→ **ACTIVITY**
Only the pictures are to be dropped, and the rest of the data should be copied exactly.

→ **DATA EXTRACTS**
___
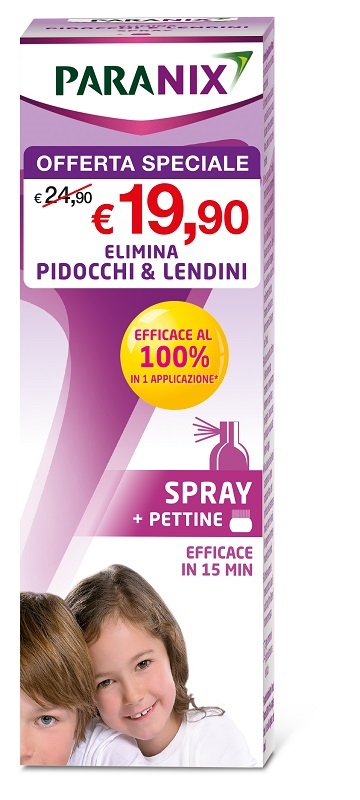 TRATTAMENTO SPRAY PIDOCCHI E LENDINI PARANIX 100 ML + PETTINE TAGLIO PREZZO - Fontenova srl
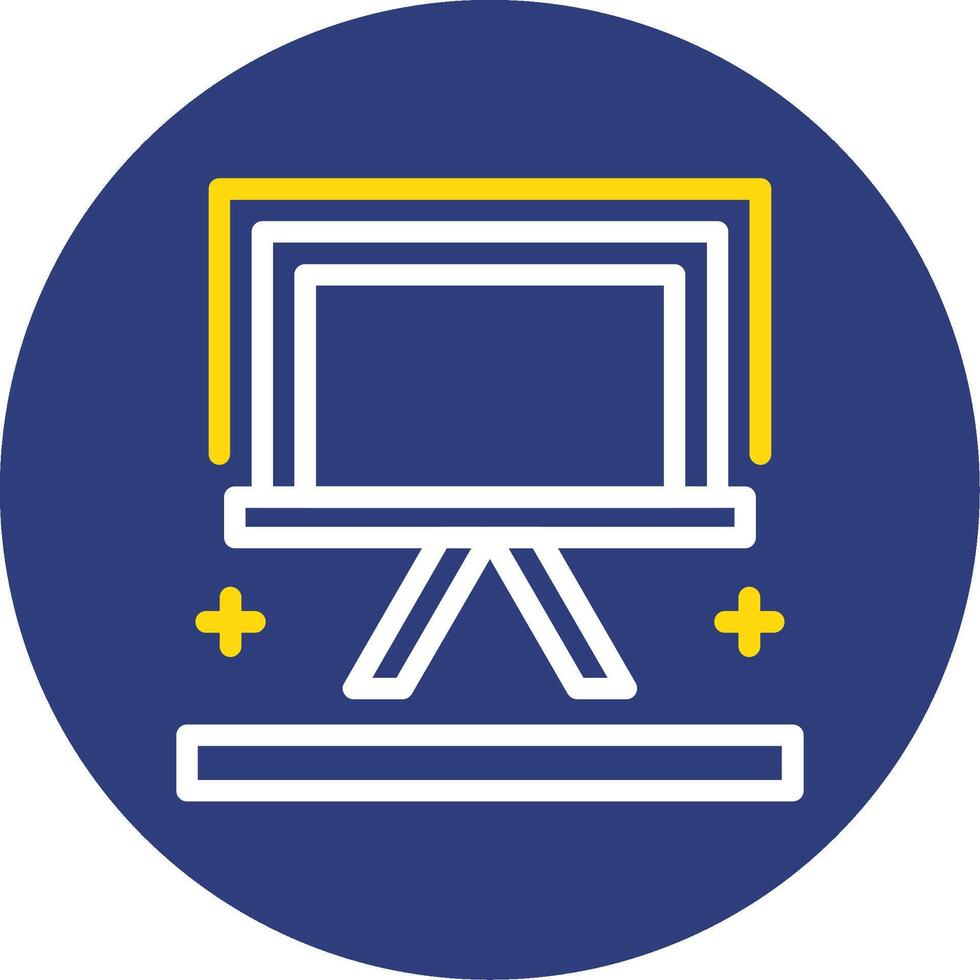 Easel Dual Line Circle Icon vector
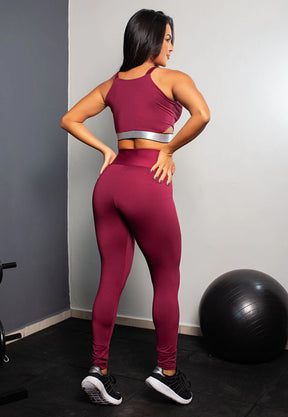 Conjunto Fitness Calça Legging Cintura Alta + Cropped Alcinha Marsala com Elásticos | REF: CCA5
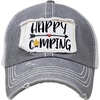 image:imageFunky Junque Trucker Hats for Men amp Women  Unisex Dad Hat Mesh Baseball Cap Distressed Vintage PatchHappy Camping  Grey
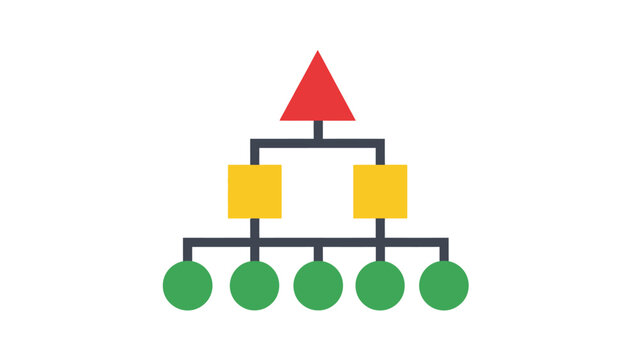 Organizational Hierarchy Structure Diagram. Flat Business Chart Icon Representing Management Levels, Flow, Team Delegation, and System Processes.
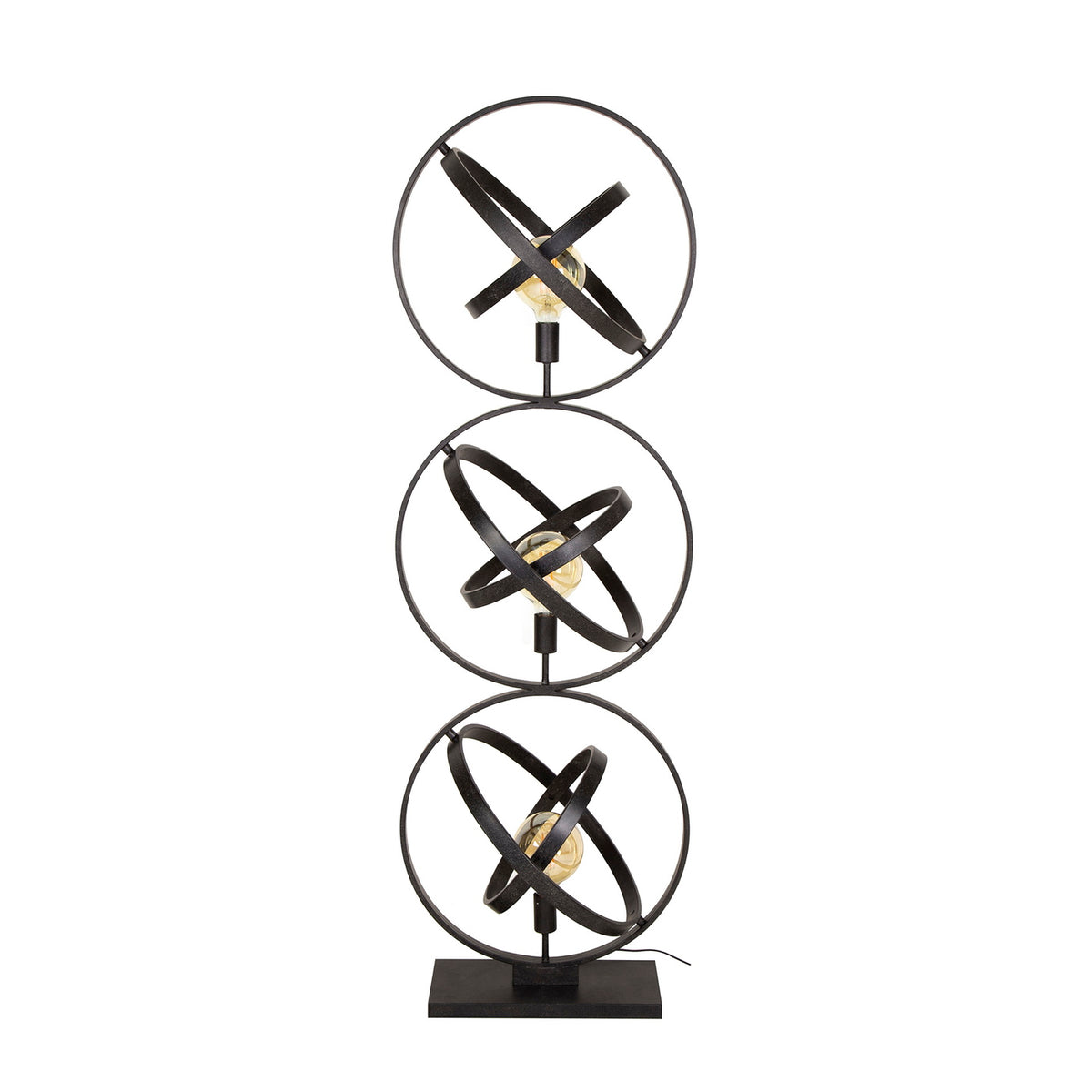 Giga Meubel Vloerlamp Galaxy - Zwart Metaal - 3-Lichts - 50x45x155cm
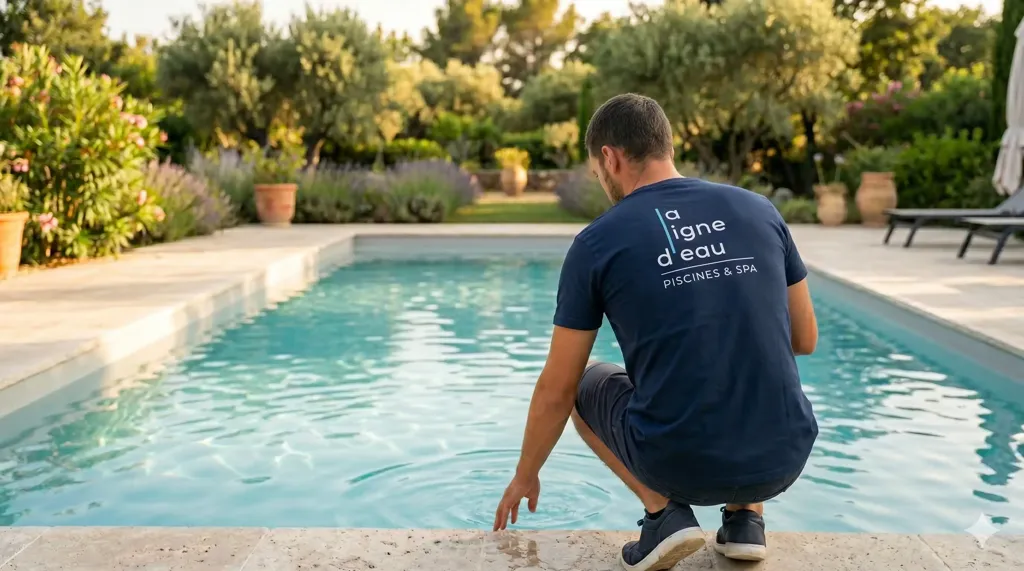 Membre de l'équipe La Ligne d'Eau accroupi au bord d'une piscine, en train de contrôler l'eau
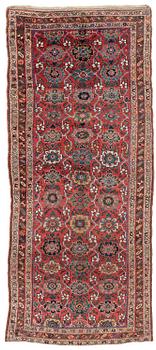 457. An antique Bidjar carpet, West Persia, c. 352 x 148 cm.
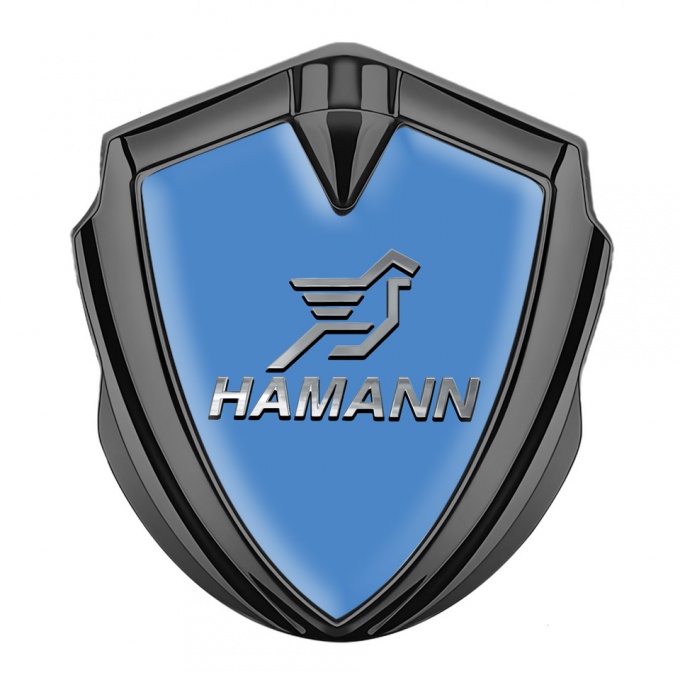 Hamann Emblem Fender Badge Graphite Blue Base Chrome Pegasus Logo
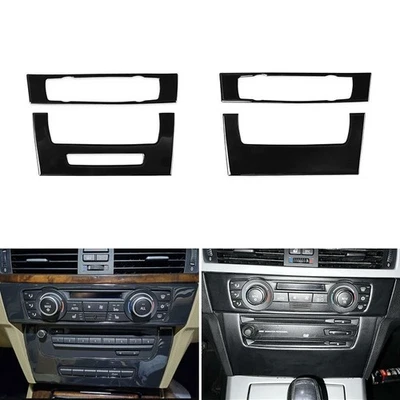 Cubierta de marco de panel de CD de control central negra para BMW Serie 3 E90 E92 E93 2005-2012 Foto 1 de 4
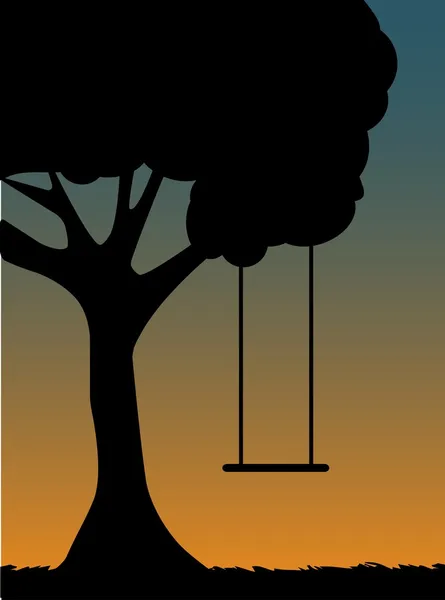 Drzewo swing sylwetka o zmierzchu — Wektor stockowy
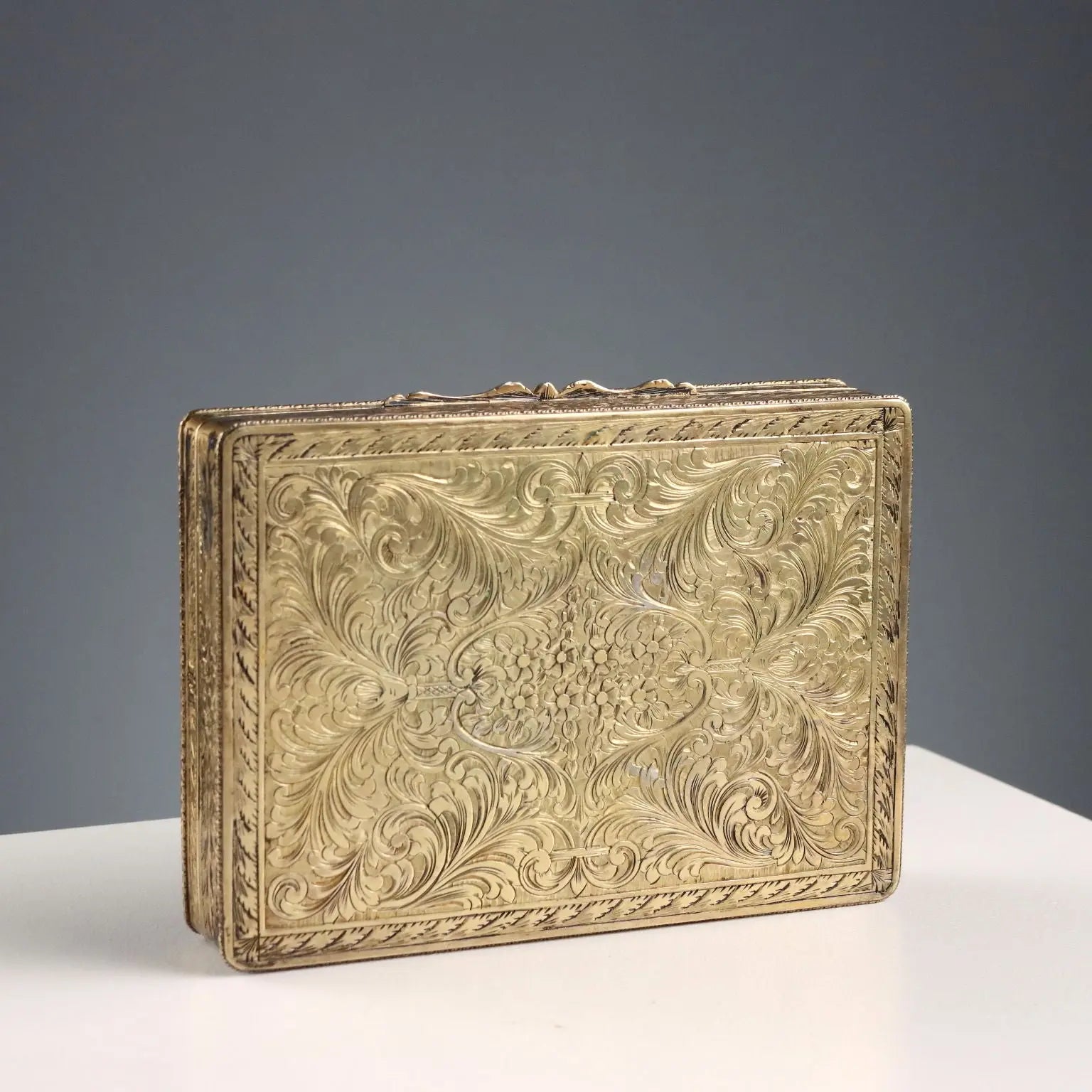Antique Silver and Glass Stone Box Italy XX Century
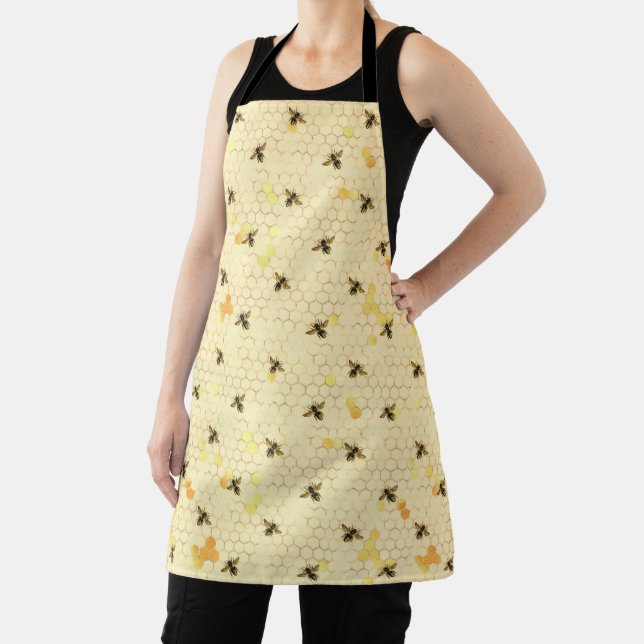 Bees on Honeycomb Pattern Gold Yellow Apron (Insitu)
___
→ **ANSWER TO THIS PROBLEM**
 TRATTAMENTO SPRAY PIDOCCHI E LENDINI PARANIX 100 ML + PETTINE TAGLIO PREZZO - Fontenova srl
 Easel Dual Line Circle Icon vector
 Conjunto Fitness Calça Legging Cintura Alta + Cropped Alcinha Marsala com Elásticos | REF: CCA5
 image:imageFunky Junque Trucker Hats for Men amp Women  Unisex Dad Hat Mesh Baseball Cap Distressed Vintage PatchHappy Camping  Grey
 Organizational Hierarchy Structure Diagram. Flat Business Chart Icon Representing Management Levels, Flow, Team Delegation, and System Processes.
 Giga Meubel Vloerlamp Galaxy - Zwart Metaal - 3-Lichts - 50x45x155cm
 Membre de l'équipe La Ligne d'Eau accroupi au bord d'une piscine, en train de contrôler l'eau
 457. An antique Bidjar carpet, West Persia, c. 352 x 148 cm.
 Hamann Emblem Fender Badge Graphite Blue Base Chrome Pegasus Logo
 Cubierta de marco de panel de CD de control central negra para BMW Serie 3 E90 E92 E93 2005-2012 Foto 1 de 4
 Drzewo swing sylwetka o zmierzchu — Wektor stockowy
Antique Silver and Glass Stone Box Italy XX Century
 Bees on Honeycomb Pattern Gold Yellow Apron (Insitu)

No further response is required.